**Exercise material:**
***

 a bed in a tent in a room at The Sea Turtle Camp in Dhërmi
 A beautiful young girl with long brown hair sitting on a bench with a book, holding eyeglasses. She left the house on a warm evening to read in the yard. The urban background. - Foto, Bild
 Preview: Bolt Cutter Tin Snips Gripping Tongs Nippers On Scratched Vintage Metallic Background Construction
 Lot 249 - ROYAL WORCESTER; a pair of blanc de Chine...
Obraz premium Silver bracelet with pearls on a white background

***

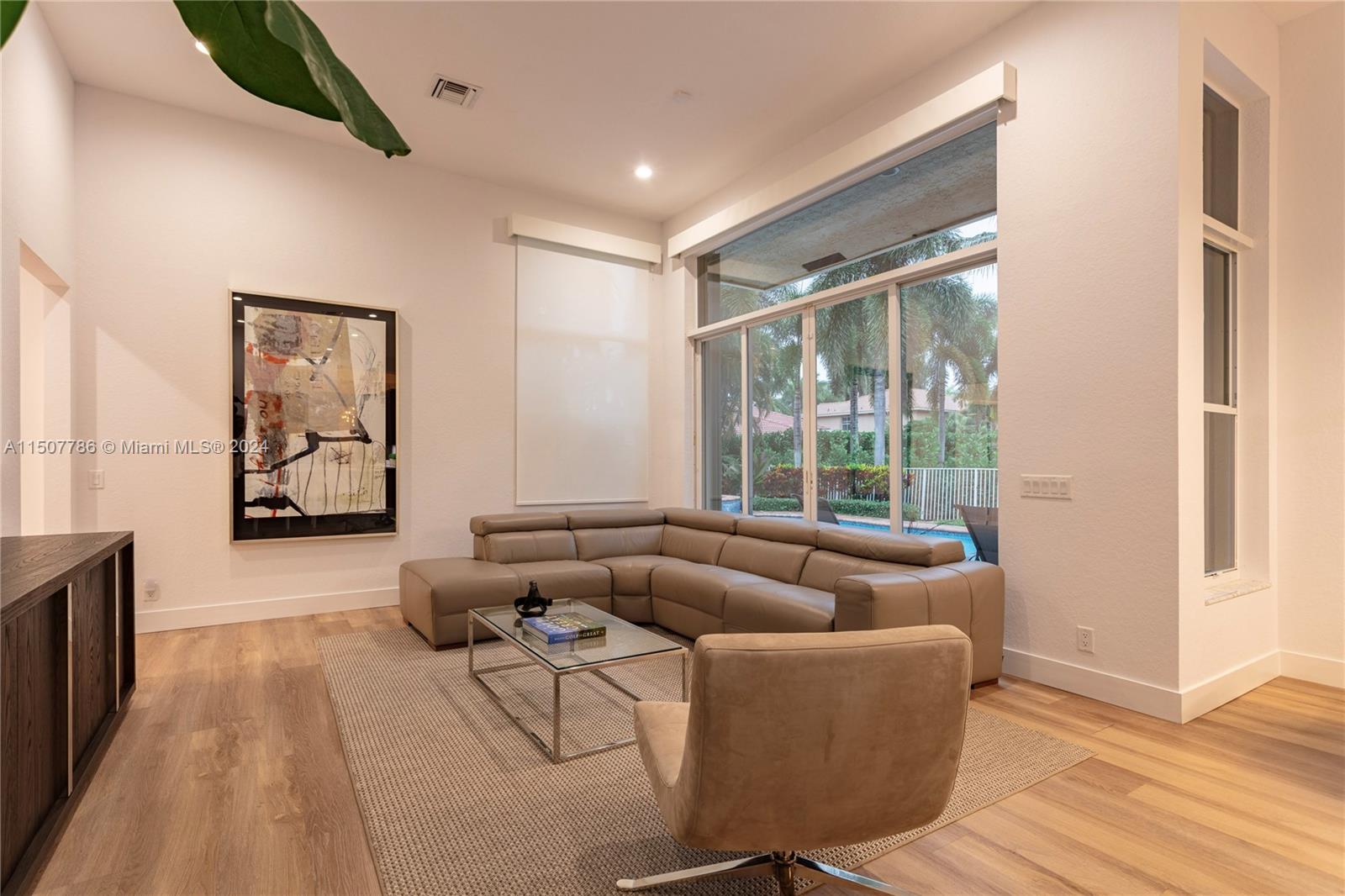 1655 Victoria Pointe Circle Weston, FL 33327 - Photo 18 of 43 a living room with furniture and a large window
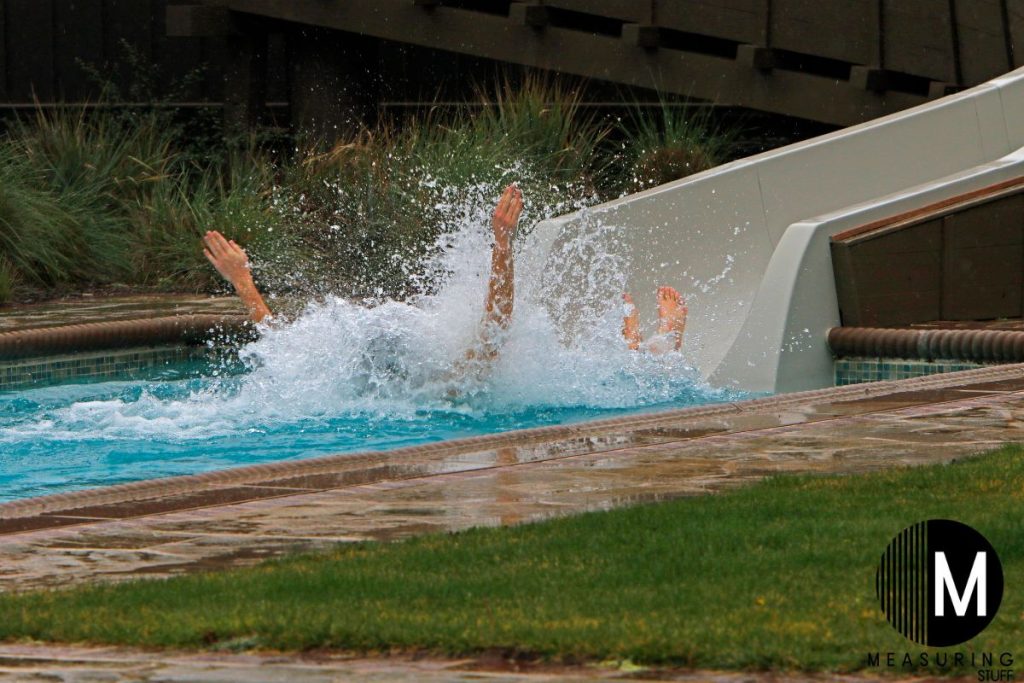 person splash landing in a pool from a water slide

***

**Exercise instructions:** Taking the entries above, write out exactly the lines starting with the line containing "a bed in a tent" and going on through the line containing "Preview: Bolt Cutter", both included, and nothing else.

**Solution:**
 a bed in a tent in a room at The Sea Turtle Camp in Dhërmi
 A beautiful young girl with long brown hair sitting on a bench with a book, holding eyeglasses. She left the house on a warm evening to read in the yard. The urban background. - Foto, Bild
 Preview: Bolt Cutter Tin Snips Gripping Tongs Nippers On Scratched Vintage Metallic Background Construction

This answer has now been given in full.